2. The blower of Claim 1, wherein the transverse boundaries (20g, 20i) of the inlet port are disposed substantially parallel to the traversing lands of the associated lobe.

3. The blower of Claim 2, wherein the transverse boundaries of the inlet port are traversed by each land of the associated lobes prior to the trailing end of each land traversing said plane.

4. The blower of Claim 1, 2, or 3, wherein the boundaries of the outlet port (38, 50, or 68) form a substantially rectangular opening having one longitudinal boundary (20r) disposed substantially at the trailing ends (14h, 16h) of the helical lands and the other longitudinal boundary (20m) disposed substantially midway between the land ends.

5. The blower of Claim 4, wherein at least one of the V-shape means (52 or 70) is defined by a transverse extension (56a) of one transverse boundary (56) and a transverse extension (60a) of the other longitudinal boundary (60).

6. The blower of Claim 4, wherein the V-shaped means (52, 54 or 70, 72) are defined by transverse extensions (56a, 58a) of the transverse boundaries (56, 58) and transverse extensions (60a, 60b) of the other longitudinal boundary.

7. The blower of Claim 1, 2, or 3, wherein one longitudinal boundary (920r) of the outlet port (74) is disposed substantially at the trailing ends of the helical land portions of the lobes and the transverse boundaries (76, 78) defining the outlet port convergently extend from the one longitudinal boundary (920r) toward the other longitudinal boundary, and the V-shaped means (80, 82) are .defined by transverse extensions of the transverse boundaries at positions substantially midway between the land ends.

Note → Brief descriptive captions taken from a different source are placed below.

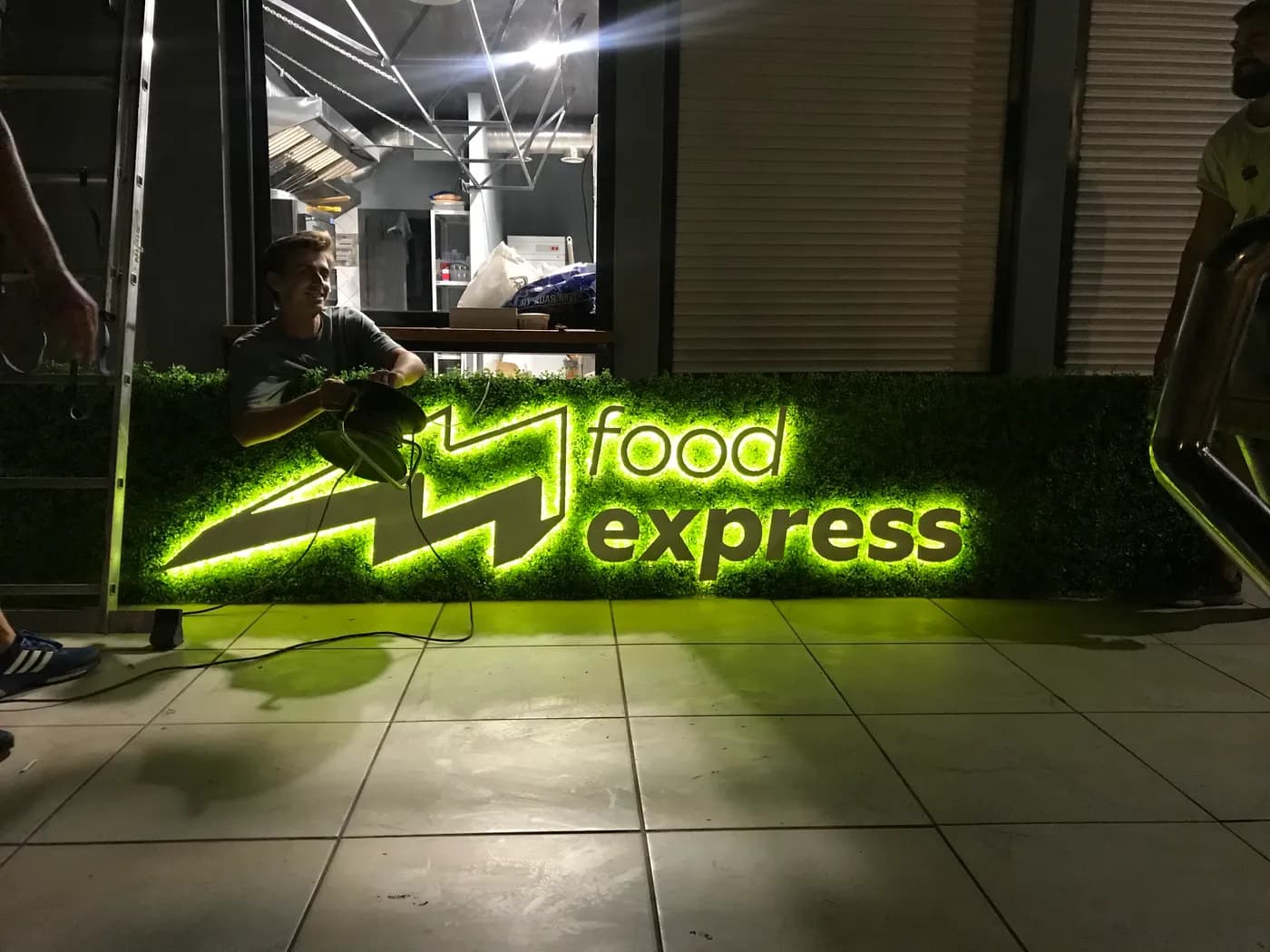 Neon sign of a food project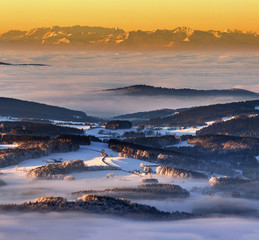 bohemia, nature, south, czech, blue, republic, sumava, background, sky, landscape, tree, sun, tourism, panorama, white, water, holiday, travel, outdoor, day, forest, cloud, rock, mountain, snow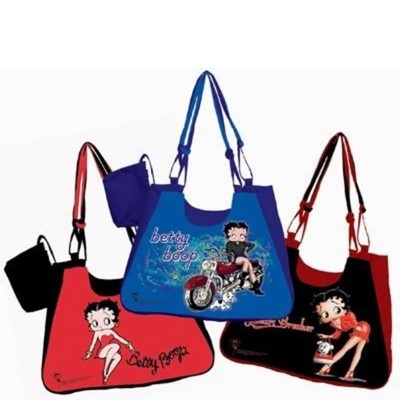 Betty Boop Tote Purse bag, clear with multi print- Tan handles and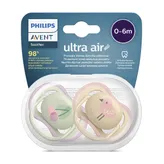 Philips Avent Ultra Air Soother SCF065/13 for 0-6 Months Baby, 2 Count, Pack of 1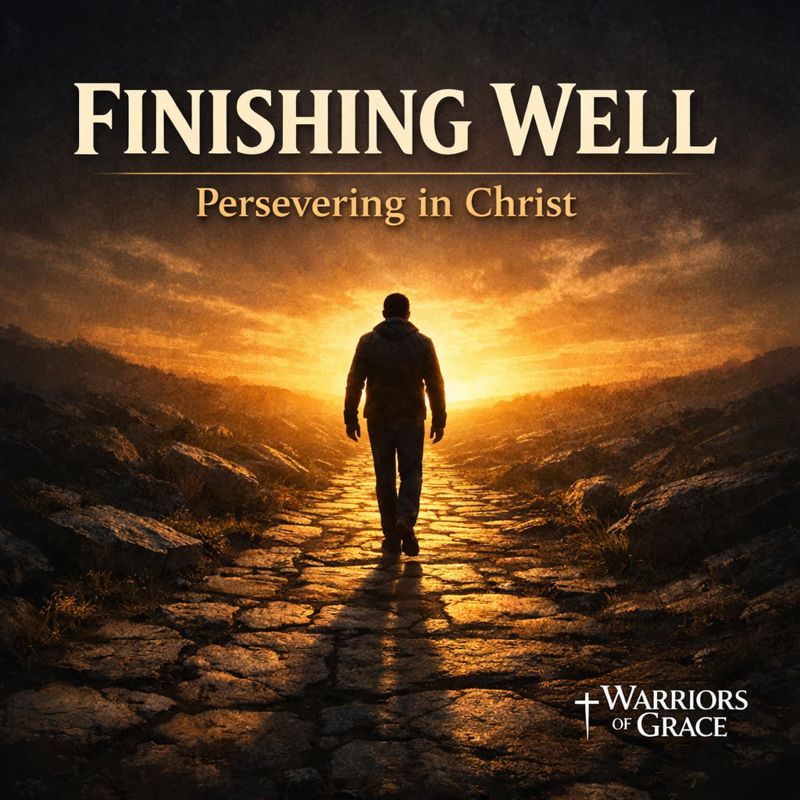 A lone man walks along a narrow ancient stone path toward a glowing sunrise, with the text “Finishing Well” and “Persevering in Christ” on a cinematic Warriors of Grace YouTube thumbnail.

8. The blower of Claim 1, 2, or 3, wherein the portions of the transverse boundaries (56, 58) between the one longitudinal boundary (720r) and the V-shaped means (52, 54) are substantially parallel to the rotational axes of the rotors, and portions of the transverse boundaries (65, 66) between the V-shaped means and the other longitudinal boundary (64) are substantially parallel to the traversing lands of the associated lobes.

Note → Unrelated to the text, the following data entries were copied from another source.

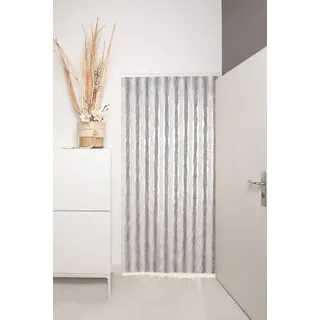 Defactoshop Insektenschutz-Vorhang Türvorhang Flauschvorhang PVC Transparent Grau/Weiss, 100x200, 90x200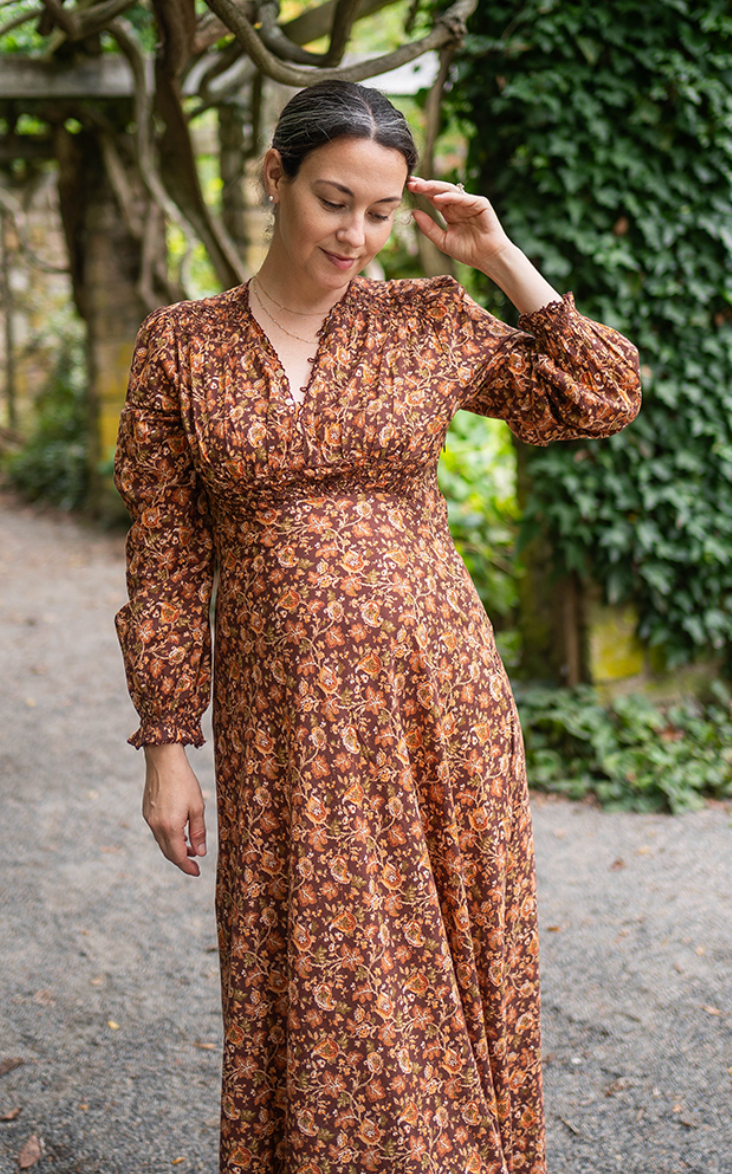 Doen Milana Autumn Floral Midi Dress size S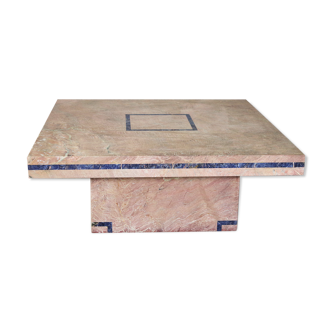 Marble Table with Lapis Lazuli Inserts by Mario Sabot, 1970s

9. The blower of Claim 7, wherein the transverse boundary portions (65, 66, 76, 78) on either longitudinal side of the V-shaped means are substantially parallel to the traversing lands of the associated lobes.

10. The blower of Claim 1, 2, or 3, wherein one of the V-shaped means (72) is longitudinally positioned closer to the one longitudinal boundary (620r, 720r, 820r, or 920r) than the other V-shaped means.